Determine how many lines in the listing below contain the word "dining", then state that number by itself.

**PROVIDED DATA**
========================================================================
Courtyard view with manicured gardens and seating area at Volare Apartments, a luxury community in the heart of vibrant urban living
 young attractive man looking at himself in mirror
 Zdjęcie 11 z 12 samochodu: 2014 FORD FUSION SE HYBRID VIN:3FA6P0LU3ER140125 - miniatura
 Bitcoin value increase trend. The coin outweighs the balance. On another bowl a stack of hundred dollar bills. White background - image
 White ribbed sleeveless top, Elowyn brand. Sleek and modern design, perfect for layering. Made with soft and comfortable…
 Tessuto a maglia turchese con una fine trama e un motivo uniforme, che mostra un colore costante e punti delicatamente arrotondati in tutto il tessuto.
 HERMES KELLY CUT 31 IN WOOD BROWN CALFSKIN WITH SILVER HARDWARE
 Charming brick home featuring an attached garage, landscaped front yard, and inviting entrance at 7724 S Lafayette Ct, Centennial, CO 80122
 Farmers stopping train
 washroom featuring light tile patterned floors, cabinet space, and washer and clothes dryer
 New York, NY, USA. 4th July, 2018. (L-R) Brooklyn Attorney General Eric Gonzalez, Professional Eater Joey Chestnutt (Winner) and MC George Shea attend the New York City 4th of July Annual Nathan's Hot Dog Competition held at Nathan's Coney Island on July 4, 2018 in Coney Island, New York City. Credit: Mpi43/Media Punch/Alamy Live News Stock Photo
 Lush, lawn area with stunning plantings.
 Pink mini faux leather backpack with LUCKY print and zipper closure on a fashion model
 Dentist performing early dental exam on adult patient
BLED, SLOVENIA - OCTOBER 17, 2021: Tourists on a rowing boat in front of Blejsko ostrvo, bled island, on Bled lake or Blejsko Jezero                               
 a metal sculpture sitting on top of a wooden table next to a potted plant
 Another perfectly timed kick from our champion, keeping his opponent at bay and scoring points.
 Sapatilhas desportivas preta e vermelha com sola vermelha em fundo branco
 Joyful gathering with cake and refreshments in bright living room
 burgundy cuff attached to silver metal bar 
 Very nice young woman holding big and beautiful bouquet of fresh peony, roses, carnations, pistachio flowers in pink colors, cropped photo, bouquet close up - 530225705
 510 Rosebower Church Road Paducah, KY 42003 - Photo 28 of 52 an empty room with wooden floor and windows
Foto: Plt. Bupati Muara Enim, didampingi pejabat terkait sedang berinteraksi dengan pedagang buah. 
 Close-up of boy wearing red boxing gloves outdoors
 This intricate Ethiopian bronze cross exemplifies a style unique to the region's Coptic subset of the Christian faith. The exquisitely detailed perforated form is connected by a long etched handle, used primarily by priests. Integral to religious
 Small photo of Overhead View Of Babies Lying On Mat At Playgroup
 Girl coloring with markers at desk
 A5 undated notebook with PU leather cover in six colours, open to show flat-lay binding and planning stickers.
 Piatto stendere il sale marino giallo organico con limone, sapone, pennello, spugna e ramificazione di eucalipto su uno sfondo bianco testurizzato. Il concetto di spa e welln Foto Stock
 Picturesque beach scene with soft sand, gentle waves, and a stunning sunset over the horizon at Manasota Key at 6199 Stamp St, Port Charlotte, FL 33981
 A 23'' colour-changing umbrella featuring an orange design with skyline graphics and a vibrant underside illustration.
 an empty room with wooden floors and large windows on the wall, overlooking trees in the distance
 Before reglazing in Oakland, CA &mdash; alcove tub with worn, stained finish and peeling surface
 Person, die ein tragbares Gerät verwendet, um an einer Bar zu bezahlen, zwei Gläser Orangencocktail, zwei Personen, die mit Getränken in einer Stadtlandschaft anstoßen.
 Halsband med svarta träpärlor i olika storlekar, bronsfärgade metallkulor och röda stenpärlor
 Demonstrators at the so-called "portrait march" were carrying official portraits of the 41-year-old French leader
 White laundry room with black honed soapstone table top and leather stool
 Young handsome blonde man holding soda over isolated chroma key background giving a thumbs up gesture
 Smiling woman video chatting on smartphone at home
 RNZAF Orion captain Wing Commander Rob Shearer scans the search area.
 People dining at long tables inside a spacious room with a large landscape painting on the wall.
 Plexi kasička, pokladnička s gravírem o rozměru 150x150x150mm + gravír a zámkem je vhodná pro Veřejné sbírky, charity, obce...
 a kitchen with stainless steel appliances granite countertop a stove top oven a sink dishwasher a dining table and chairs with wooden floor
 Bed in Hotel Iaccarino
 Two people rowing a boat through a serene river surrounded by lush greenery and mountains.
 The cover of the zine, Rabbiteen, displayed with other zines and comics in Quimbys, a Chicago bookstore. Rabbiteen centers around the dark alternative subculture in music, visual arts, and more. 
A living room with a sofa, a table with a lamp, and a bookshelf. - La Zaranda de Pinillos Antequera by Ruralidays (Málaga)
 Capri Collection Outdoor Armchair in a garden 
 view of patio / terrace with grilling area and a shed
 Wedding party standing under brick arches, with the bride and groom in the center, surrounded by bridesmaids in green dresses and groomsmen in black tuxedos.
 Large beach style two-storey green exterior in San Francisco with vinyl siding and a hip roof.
========================================================================
**TASK RESULT**
2